* **Assignment**: Output only the lines of the entries that follow, starting at the one with "Luana Vitra, Bandera" and running down to the one with "#TeamMAFI https://t.co/XNi5JN2i5W", both included and unchanged.

(Data excerpts)

BEGIN

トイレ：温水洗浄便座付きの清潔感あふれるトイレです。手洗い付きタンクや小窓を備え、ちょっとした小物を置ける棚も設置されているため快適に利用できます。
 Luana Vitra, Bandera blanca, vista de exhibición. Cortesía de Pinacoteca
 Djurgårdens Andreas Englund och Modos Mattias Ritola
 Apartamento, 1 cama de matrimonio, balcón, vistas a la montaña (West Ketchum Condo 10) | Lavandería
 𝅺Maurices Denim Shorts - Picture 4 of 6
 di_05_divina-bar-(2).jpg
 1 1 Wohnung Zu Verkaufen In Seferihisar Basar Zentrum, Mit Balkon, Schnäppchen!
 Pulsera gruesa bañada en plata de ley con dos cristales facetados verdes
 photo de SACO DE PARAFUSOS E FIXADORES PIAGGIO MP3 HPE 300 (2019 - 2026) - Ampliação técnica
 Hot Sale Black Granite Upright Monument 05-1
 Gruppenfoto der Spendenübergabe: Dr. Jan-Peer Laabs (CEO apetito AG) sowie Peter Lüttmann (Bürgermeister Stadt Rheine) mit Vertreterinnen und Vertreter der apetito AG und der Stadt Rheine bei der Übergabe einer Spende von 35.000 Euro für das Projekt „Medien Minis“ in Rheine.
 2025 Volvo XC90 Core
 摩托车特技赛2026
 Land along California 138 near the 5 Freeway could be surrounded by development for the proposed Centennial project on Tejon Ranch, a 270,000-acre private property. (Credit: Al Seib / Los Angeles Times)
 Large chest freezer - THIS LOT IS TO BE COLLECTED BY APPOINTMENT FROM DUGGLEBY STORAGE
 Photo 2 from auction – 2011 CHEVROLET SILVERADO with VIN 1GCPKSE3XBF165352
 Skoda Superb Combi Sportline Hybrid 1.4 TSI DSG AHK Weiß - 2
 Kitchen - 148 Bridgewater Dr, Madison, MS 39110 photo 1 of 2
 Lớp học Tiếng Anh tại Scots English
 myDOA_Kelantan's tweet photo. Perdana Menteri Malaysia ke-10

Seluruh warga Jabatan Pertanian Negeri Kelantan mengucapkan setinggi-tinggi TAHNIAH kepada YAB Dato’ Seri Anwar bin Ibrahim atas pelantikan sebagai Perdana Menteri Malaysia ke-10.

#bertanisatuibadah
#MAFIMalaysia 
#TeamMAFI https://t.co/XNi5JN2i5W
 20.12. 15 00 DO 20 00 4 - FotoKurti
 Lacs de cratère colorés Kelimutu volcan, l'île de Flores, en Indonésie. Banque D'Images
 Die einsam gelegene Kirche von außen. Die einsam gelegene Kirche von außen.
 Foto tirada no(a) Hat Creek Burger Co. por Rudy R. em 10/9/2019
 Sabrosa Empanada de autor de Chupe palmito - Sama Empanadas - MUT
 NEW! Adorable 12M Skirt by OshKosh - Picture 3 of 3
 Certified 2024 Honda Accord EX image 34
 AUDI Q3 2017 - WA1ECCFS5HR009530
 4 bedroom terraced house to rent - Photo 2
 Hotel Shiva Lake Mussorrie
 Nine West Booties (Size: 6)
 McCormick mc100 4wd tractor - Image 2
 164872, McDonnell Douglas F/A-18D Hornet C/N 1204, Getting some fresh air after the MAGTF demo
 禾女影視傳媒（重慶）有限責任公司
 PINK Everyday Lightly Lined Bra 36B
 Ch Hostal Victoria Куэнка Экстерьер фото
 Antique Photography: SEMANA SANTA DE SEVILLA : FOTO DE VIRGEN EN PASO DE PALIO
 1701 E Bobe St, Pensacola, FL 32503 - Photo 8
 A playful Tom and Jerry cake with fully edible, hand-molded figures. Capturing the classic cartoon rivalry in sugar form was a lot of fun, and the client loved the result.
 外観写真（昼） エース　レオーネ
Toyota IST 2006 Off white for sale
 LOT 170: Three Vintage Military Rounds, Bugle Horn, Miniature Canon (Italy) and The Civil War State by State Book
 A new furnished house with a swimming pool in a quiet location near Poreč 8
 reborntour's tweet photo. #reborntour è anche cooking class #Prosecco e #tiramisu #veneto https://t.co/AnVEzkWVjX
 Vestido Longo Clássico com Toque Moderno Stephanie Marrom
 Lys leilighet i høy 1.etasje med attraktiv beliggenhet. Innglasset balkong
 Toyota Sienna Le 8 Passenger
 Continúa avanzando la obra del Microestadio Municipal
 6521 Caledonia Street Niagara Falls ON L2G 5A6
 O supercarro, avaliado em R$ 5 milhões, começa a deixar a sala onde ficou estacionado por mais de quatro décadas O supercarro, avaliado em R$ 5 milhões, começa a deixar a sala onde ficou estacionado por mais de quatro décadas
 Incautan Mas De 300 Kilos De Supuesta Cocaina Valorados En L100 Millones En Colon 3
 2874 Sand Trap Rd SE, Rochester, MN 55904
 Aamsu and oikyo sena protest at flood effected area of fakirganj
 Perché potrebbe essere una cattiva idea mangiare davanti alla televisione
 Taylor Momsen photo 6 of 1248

END

* **Response**:
 Luana Vitra, Bandera blanca, vista de exhibición. Cortesía de Pinacoteca
 Djurgårdens Andreas Englund och Modos Mattias Ritola
 Apartamento, 1 cama de matrimonio, balcón, vistas a la montaña (West Ketchum Condo 10) | Lavandería
 𝅺Maurices Denim Shorts - Picture 4 of 6
 di_05_divina-bar-(2).jpg
 1 1 Wohnung Zu Verkaufen In Seferihisar Basar Zentrum, Mit Balkon, Schnäppchen!
 Pulsera gruesa bañada en plata de ley con dos cristales facetados verdes
 photo de SACO DE PARAFUSOS E FIXADORES PIAGGIO MP3 HPE 300 (2019 - 2026) - Ampliação técnica
 Hot Sale Black Granite Upright Monument 05-1
 Gruppenfoto der Spendenübergabe: Dr. Jan-Peer Laabs (CEO apetito AG) sowie Peter Lüttmann (Bürgermeister Stadt Rheine) mit Vertreterinnen und Vertreter der apetito AG und der Stadt Rheine bei der Übergabe einer Spende von 35.000 Euro für das Projekt „Medien Minis“ in Rheine.
 2025 Volvo XC90 Core
 摩托车特技赛2026
 Land along California 138 near the 5 Freeway could be surrounded by development for the proposed Centennial project on Tejon Ranch, a 270,000-acre private property. (Credit: Al Seib / Los Angeles Times)
 Large chest freezer - THIS LOT IS TO BE COLLECTED BY APPOINTMENT FROM DUGGLEBY STORAGE
 Photo 2 from auction – 2011 CHEVROLET SILVERADO with VIN 1GCPKSE3XBF165352
 Skoda Superb Combi Sportline Hybrid 1.4 TSI DSG AHK Weiß - 2
 Kitchen - 148 Bridgewater Dr, Madison, MS 39110 photo 1 of 2
 Lớp học Tiếng Anh tại Scots English
 myDOA_Kelantan's tweet photo. Perdana Menteri Malaysia ke-10

Seluruh warga Jabatan Pertanian Negeri Kelantan mengucapkan setinggi-tinggi TAHNIAH kepada YAB Dato’ Seri Anwar bin Ibrahim atas pelantikan sebagai Perdana Menteri Malaysia ke-10.

#bertanisatuibadah
#MAFIMalaysia 
#TeamMAFI https://t.co/XNi5JN2i5W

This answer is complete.